Prior to finishing, I mount the hardware with a simple jig to align the holes.  I make a jig based on the hole spacing of the hardware and the depth needed to reach the center of the drawer face.  I cut a notch out of the jig so I can see the center point marked on the drawer face.


Hardware is installed then removed so that the drawers can be finished.  I install it now to avoid additional shop rash caused by working the drawers after finishing.

The hardware is the larger Arts and Crafts drawer pull from Hickory Hardware and the small knob in the same series.

The drawers are finish sanded to 220 grit then the inside and outside are given a coat of shellac.

The carcass is gone over one more time with a card scraper and 220 grit and the bottoms of the feet are chamfered.  When you are satisfied that all the rough spots and shop rash have been addressed you can stain or go directly to finish.  When staining, I wipe stain onto the oak and not the drawer sides, though it is not critical (I use a folded corner of a rag).

I used one coat of Minwax Pecan Stain then four coats of Osmo Hard Wax Oil.

Finally, the sides and bottoms of the drawers as well as all drawer contact surfaces in the carcass get a thick coating of paste wax to help with sliding.

The back is put on last and is simply 1/4″ plywood.  You can use 1/2″.  I glued it to the Drawer Webs to help form a beam like structure.


So what went wrong?  Well:

  • I put one panel stile on the router wrong side down and had to splice in a small piece
  • One of the female cuts for a sliding dovetail in the top Drawer Web was in the wrong place (I have no idea how I did that) and I had to fill it and manually fit the divider.
  • Drawer 2 (center top row) had a mis-aligned drawer box, likely due to the above referenced error and I had to plane off a good 1/8″ to get it square, as such I had to glue in a wedge in the back to help it align right.
  • While installing the Drawer Webs, the bottom one was very tight and took a great deal of pounding one side, so much so that it broke the glue joint on the bottom rail of the side panel.  I caught it in time to re-glue it and clamp it up.
  • Two drawers were so dead on in fit that they were tight after finishing and I had to use a plane.  Once the piece stabilizes after the summer I will re-fit all of them and touch up any finish issues.
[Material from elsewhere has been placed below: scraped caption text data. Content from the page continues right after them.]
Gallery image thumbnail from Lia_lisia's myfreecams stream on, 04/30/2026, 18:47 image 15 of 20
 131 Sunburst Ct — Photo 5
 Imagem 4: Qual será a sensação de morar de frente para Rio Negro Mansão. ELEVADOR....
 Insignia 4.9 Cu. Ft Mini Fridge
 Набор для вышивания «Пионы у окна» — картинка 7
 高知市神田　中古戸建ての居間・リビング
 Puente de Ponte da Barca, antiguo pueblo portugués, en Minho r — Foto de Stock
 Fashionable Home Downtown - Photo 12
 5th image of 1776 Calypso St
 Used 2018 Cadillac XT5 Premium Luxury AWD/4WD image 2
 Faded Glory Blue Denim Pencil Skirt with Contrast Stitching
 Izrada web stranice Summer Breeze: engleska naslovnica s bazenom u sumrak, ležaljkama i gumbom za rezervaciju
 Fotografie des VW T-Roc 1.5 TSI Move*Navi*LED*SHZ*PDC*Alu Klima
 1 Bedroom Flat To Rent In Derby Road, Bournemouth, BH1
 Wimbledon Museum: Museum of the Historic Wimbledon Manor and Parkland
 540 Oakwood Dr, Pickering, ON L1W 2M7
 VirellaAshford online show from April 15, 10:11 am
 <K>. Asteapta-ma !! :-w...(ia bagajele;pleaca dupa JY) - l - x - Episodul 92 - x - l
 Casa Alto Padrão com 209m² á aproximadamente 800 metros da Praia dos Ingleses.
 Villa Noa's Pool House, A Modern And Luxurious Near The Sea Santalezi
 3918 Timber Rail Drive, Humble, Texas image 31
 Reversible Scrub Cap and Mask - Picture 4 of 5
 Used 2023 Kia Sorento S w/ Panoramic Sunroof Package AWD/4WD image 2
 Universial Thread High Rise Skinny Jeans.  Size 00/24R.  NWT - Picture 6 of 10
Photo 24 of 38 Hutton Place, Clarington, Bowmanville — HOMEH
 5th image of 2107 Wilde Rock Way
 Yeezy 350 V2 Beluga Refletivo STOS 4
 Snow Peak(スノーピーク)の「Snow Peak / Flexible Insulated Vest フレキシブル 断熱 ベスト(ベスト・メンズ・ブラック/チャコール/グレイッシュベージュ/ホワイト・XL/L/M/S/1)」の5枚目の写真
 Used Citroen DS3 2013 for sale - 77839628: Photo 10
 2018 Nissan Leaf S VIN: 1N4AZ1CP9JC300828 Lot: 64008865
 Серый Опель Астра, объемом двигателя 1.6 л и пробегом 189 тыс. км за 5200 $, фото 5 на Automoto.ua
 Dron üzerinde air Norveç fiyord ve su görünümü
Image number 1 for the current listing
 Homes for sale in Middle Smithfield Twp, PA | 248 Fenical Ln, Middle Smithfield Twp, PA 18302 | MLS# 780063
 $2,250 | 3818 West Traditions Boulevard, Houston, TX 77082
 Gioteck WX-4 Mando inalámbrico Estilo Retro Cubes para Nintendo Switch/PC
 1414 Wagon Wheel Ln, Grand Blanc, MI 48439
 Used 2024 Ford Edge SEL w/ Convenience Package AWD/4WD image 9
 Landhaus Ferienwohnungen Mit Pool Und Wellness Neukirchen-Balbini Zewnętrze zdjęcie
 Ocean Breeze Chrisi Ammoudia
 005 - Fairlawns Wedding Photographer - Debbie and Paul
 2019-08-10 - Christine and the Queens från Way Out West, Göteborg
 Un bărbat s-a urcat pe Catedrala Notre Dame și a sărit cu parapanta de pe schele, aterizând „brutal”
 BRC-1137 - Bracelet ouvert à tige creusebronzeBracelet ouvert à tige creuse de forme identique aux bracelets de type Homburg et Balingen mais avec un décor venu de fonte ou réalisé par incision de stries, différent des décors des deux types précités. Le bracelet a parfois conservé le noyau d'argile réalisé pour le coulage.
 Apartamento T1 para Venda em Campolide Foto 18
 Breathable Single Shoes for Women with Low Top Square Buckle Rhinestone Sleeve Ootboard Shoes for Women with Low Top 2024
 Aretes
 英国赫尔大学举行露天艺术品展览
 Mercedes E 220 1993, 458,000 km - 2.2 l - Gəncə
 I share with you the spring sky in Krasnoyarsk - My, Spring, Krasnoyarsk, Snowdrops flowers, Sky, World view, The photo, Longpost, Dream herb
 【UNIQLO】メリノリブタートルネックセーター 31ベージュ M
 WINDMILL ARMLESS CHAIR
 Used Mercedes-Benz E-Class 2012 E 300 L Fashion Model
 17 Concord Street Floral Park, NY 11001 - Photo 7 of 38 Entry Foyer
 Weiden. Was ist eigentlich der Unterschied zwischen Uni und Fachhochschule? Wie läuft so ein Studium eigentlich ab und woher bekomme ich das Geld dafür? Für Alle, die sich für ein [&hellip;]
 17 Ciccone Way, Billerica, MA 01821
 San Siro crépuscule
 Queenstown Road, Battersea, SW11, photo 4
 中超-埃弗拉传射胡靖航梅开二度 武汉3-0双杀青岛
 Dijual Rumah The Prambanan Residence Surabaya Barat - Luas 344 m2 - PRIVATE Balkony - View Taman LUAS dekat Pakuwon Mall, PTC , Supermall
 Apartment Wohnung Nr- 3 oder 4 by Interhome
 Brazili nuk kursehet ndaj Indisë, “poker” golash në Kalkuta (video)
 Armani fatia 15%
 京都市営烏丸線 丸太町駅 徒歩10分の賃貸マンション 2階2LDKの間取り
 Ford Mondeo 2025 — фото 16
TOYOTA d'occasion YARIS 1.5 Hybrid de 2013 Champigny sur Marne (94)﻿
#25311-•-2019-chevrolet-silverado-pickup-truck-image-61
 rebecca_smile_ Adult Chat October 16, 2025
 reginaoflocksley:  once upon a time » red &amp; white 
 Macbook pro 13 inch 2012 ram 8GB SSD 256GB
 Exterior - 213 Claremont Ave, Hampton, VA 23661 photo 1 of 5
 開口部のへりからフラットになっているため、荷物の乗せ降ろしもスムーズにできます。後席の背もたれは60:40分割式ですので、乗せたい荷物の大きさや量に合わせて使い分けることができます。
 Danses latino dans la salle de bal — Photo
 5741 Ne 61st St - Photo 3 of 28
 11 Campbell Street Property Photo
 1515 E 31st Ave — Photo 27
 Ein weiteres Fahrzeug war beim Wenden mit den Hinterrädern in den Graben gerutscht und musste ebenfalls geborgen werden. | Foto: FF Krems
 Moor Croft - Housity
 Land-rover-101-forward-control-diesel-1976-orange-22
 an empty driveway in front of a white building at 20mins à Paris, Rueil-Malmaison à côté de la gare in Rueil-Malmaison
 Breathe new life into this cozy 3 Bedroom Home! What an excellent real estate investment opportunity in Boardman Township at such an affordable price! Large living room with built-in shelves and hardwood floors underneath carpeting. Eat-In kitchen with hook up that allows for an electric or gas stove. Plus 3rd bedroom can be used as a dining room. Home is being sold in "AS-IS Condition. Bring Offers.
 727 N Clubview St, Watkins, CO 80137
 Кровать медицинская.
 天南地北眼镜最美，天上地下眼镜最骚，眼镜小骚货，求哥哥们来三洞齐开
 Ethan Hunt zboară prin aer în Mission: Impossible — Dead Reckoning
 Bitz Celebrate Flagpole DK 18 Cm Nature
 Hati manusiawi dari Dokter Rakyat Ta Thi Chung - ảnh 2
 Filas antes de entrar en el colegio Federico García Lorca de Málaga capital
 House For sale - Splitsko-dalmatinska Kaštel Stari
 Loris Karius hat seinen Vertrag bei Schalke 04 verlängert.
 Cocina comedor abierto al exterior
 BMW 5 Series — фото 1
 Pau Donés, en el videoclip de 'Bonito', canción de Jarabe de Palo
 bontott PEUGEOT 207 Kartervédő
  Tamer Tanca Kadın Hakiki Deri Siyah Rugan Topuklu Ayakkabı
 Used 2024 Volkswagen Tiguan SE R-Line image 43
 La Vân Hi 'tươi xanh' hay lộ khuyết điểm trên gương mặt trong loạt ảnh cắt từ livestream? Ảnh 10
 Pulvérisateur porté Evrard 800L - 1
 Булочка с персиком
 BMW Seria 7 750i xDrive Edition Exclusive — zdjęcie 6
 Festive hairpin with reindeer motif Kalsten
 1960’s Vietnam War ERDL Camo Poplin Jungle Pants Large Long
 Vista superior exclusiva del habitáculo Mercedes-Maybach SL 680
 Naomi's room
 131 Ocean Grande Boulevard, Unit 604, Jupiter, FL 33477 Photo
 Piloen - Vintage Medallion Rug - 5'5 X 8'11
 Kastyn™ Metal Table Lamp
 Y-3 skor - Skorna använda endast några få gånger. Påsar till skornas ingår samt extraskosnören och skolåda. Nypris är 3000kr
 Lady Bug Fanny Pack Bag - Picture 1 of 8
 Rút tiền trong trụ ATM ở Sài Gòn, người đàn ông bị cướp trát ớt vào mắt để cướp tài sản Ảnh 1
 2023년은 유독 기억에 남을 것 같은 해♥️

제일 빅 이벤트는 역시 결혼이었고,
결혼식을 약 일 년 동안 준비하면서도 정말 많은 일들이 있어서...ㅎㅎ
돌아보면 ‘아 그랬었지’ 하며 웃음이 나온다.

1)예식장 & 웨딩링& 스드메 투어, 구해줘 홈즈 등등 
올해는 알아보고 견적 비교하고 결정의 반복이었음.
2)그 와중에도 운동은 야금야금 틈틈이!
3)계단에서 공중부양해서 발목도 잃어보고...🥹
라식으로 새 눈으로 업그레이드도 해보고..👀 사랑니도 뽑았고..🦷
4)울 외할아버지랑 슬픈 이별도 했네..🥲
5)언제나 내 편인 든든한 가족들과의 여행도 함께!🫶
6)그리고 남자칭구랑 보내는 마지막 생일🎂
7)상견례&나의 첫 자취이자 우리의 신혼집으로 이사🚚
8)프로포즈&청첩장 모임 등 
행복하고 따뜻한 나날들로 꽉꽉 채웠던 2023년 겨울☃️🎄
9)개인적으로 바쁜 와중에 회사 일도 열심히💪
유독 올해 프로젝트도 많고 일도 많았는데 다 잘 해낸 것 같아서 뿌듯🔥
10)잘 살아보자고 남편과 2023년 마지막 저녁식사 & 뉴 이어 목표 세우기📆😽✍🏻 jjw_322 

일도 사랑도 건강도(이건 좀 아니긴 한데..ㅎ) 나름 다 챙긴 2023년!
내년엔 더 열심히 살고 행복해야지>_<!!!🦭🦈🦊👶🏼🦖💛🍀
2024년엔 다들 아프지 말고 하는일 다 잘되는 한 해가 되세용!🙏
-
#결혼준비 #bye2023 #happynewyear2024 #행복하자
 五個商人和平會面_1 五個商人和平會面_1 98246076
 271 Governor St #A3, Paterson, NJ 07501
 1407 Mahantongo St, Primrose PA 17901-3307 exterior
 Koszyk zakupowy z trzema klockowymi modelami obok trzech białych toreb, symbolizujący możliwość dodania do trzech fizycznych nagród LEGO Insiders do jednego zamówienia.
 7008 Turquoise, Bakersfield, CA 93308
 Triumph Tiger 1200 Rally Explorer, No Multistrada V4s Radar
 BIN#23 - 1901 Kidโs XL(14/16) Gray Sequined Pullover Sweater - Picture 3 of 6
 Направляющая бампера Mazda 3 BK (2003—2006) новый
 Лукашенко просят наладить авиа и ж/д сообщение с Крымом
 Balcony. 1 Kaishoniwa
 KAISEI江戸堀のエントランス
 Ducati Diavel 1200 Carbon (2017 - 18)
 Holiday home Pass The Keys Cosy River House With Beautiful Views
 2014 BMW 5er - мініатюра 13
I don’t think I would change the design any after building it.  It is functional, fits the style points of the Arts and Crafts movement and shows well next to pieces from the period.  The wood is locally harvested and has some knots.  I used them.  Drawer 3 has one, Drawer 9 has two, the Bottom Arch has two and there are a few in the top.  Up close the grain around them is interesting and I like the look of the wood.

Build time was three months, generally working one weekend day a week and some time in the evenings.